Monday, June 25, 2012

Good luck, Youk

So, I arrived home last night from an amazing two-week honeymoon to Austria, Slovenia, and Croatia to find that Kevin Youklis was traded to the Chicago White Sox yesterday in exchange for right-handed pitcher Zach Stewart and utility infielder Brent Lillibridge. The trade analysis is almost painfully simple. The Red Sox have had a better designated hitter and a better first baseman for a couple years now, and with the emergence of Will Middlebrooks, have a better third baseman. Youkilis - one of the best hitters alive from 2008-2010, with a .308/.404/.560 line - no longer had a place in the Red Sox lineup.

It's been a bit of a crazy few months for us Red Sox fans. First, Tim Wakefield officially retired. Then, a few days later, Jason Varitek followed suit. Now Youkilis has been traded, leaving David Ortiz as the only player with a 2004 World Series ring left with the team.
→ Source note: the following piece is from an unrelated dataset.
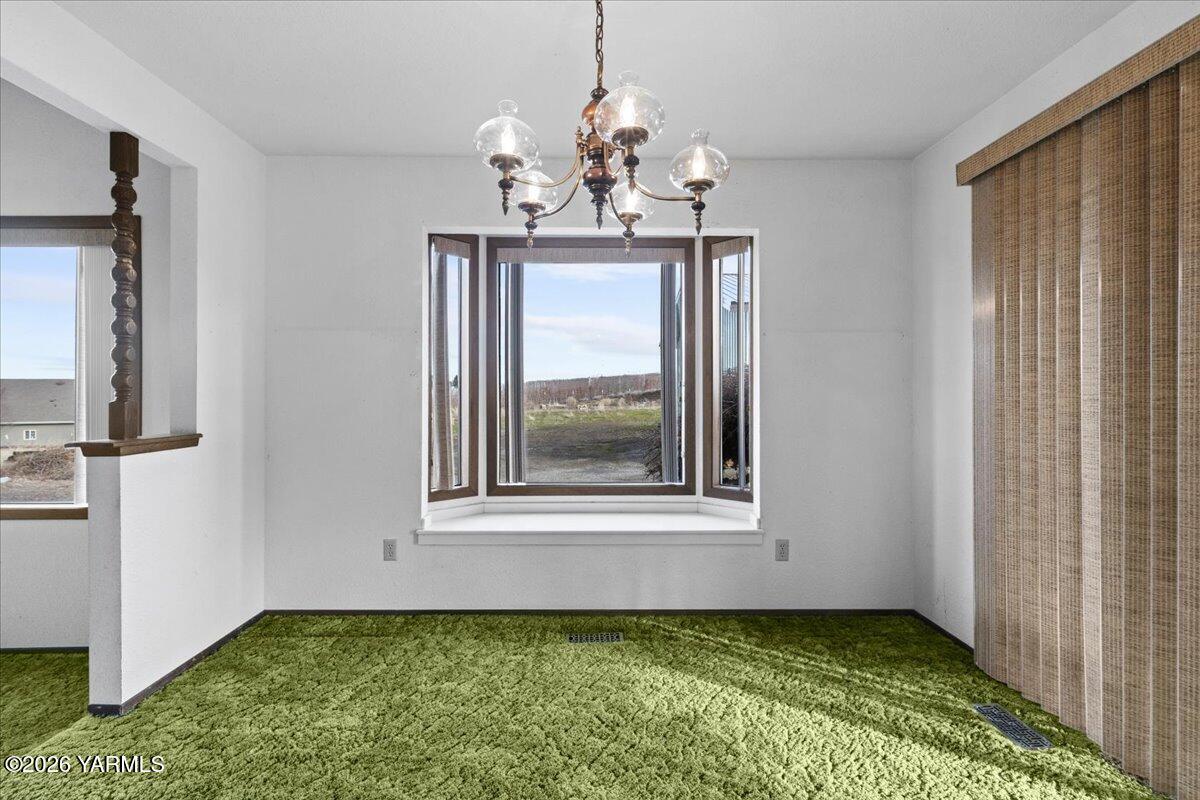 10802 Zier Road Yakima, WA 98908 - Photo 23 of 46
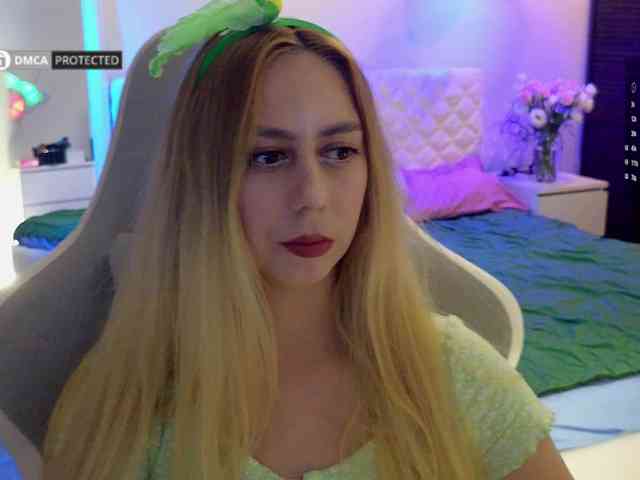 capuchina_v_taverne webcam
Red Sox fans have been following Youkilis since even before his famous inclusion in Moneyball. The 2001 tenth rounder out of the University of Cincinnati had been tearing up the minor leagues, rising fairly quickly through the Red Sox system until he reached Pawtucket, where he continued to mash but waiting a long time for his chance. Injuries got him some playing time in 2004, and the poor play of Kevin Millar led to calls from several circles to give him playing time the following year. Finally, in 2006 he beat out J.T. Snow for the starting first baseman job. (Admit it. You forgot J.T. Snow was on the Red Sox).

He played fairly well that year, came into his own in '07, and turned into a star in '08. In all, he spent six excellent years as a starter, working deep counts and ripping doubles inside the left field foul line. His grimacing (I believe it was Joe Magrane who said the look he makes after a called strike resembled a "bitter beer face") and bat throwing and shouting made him into something of a lightning rod, being a player that people either loved or loathed, but even his detractors appreciated his production.

Losing his job to Will Middlebrooks this year seemed almost poetic, as this season has marked something of a generational shift in the Red Sox. Varitek, Wakefield, Youkilis, Papelbon, Drew, Epstein and Francona are now all gone. A year ago, the departure of any one of them wouldn't have been surprising, but the loss of all of them in such a short time seems almost seismic. The current Red Sox would be unrecognizable to someone who saw them only one year ago. I can visualize my mother, listning to the game on the radio and asking me "who are these guys?"

Even though the move is sensible, it's impossible not to be sentimental. Youkilis was immediately recognizable, fiery, and really, really good. I miss that bitter beer face already.